Adjustments show mortality benefit
To account for potential bias, the researchers also conducted adjusted analyses, including multivariable logistic regression, propensity matching and instrumental variable analysis. In these analyses, GPI use was linked to lower mortality risk. RRs for the various analyses were as follows:
- multivariable analysis: RR = 0.83; 95% CI, 0.79-0.88;
- propensity matched analysis: RR = 0.9; 95% CI, 0.86-0.95; and
- instrumental variable analysis: RR = 0.72; 95% CI, 0.5-0.97.
The elevated risk for major bleeding persisted (multivariable: RR = 1.93; 95% CI, 1.83-2.04; propensity matched: RR = 1.83; 95% CI, 1.74-1.92; instrumental variable: RR = 1.53; 95% CI, 1.27-2.13) in all adjusted analyses, according to the researchers.

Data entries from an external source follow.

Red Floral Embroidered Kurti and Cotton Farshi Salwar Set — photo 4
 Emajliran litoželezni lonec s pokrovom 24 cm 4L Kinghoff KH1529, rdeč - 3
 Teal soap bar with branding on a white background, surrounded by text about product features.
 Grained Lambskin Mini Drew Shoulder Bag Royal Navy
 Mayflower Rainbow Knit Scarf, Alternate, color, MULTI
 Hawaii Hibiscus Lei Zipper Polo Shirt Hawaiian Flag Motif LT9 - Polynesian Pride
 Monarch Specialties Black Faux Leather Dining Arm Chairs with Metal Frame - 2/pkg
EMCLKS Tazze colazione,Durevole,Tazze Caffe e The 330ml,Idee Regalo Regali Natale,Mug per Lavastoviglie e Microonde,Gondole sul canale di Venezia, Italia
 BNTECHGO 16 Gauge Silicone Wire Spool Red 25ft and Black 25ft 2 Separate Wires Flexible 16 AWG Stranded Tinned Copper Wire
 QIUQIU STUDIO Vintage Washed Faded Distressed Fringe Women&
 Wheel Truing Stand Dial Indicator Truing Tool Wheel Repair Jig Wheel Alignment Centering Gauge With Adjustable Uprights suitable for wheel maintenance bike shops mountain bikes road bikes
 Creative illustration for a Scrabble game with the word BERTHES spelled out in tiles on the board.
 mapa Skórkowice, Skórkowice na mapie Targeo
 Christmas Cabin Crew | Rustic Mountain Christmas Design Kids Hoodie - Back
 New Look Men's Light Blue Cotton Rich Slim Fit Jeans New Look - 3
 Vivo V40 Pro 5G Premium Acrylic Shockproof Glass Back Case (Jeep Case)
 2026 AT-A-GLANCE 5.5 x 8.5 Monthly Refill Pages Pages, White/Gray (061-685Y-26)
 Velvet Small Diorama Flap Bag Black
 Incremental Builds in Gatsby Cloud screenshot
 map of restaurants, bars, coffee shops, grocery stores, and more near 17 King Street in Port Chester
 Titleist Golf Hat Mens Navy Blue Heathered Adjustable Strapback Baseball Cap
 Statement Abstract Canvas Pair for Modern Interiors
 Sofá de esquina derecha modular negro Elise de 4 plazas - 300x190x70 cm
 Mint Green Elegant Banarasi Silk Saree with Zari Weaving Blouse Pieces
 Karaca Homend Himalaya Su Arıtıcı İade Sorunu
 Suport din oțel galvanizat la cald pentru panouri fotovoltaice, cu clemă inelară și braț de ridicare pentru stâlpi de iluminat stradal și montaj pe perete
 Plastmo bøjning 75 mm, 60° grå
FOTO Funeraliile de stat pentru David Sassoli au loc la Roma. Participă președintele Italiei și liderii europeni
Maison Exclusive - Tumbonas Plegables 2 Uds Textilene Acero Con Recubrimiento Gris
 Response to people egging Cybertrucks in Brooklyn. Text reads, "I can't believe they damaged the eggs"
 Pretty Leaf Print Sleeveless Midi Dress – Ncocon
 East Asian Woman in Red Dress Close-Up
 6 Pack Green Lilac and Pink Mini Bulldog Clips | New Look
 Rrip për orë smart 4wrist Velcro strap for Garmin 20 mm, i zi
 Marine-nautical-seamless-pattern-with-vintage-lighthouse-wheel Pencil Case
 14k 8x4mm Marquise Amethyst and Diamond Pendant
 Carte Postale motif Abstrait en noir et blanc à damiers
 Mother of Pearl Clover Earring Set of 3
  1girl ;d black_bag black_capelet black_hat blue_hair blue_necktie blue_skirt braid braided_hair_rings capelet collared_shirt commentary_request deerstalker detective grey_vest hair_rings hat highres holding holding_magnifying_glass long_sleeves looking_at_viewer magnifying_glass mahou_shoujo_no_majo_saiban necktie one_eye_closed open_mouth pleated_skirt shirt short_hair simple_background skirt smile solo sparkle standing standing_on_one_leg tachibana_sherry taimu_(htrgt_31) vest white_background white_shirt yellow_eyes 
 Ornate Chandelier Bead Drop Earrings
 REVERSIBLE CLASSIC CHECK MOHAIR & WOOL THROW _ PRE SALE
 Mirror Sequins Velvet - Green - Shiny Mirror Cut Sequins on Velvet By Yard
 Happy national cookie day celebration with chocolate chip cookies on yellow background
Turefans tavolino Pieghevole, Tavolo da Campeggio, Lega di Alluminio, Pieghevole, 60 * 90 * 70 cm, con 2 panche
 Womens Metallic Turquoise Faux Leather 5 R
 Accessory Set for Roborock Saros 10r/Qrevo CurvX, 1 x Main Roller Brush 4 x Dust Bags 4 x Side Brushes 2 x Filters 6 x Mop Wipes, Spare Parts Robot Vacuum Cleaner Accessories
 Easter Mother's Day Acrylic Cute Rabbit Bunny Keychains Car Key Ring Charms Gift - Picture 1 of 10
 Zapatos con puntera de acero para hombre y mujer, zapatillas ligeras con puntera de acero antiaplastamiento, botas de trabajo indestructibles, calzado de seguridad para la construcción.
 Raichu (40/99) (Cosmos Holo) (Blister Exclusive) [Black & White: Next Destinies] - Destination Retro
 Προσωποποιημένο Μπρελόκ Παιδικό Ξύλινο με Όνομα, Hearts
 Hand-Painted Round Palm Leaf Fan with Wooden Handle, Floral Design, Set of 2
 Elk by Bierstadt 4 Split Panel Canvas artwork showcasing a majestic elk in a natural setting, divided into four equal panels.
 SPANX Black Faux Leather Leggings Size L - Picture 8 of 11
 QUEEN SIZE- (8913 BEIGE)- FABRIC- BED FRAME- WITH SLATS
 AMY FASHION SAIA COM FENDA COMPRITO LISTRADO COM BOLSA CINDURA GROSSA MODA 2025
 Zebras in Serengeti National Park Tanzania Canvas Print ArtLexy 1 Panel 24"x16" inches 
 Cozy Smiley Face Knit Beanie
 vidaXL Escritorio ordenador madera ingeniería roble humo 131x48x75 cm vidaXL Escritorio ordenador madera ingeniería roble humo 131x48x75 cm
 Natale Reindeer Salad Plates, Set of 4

Results from subgroup analyses indicated that the mortality benefit associated with GPI use was present in those with STEMI but not among those with non-STEMI or unstable angina (P < .0001), in those not given bivalirudin (Angiomax, The Medicines Company) but not those given bivalirudin (P < .0001), and in those with high mortality risk but not those with low or moderate mortality risk (P = .005). The increased bleeding risk was consistent across all subgroups.
“These findings suggest that in the modern era of angioplasty, there may still be a role for the judicious use of GPI in high-risk patients, particularly if heparin, instead of bivalirudin, is used for anticoagulation, as it was in over one-half of patients included in this study,” researcher David M. Safley, MD, associate professor of medicine at the University of Missouri–Kansas City, said in a press release.
Randomized trials hold sway
In a related editorial, A. Michael Lincoff, MD, wrote that although observational evidence is not as strong as that from randomized clinical trials, the study results “would seem to suggest a remarkable benefit of GPI in patients undergoing PCI for ACS, with 10% to 28% reductions in mortality that would far outweigh in importance the 50% to 90% increases in major bleeding.”
A. Michael Lincoff
Although the results regarding concurrent use of GPI and bivalirudin are consistent with those of randomized controlled trials, the finding that GPI use had a more pronounced benefit on mortality in those with STEMI “lacks biological plausibility and raises concerns regarding unadjusted confounding of these observational data,” Lincoff, from the department of cardiovascular medicine at Cleveland Clinic, wrote.
He concluded that “selection of pharmacotherapy must continue to be guided by the findings of the randomized trials.” – by Erik Swain
Disclosures: The analysis was supported by an investigator-initiated research grant from Merck. One researcher reports financial ties with Abbott Vascular, AstraZeneca, Boston Scientific, Eli Lilly, Medtronic and Merck. Lincoff reports receiving research funding from AstraZeneca, CSL, Eli Lilly, Pfizer and Takeda and consulting for Amgen.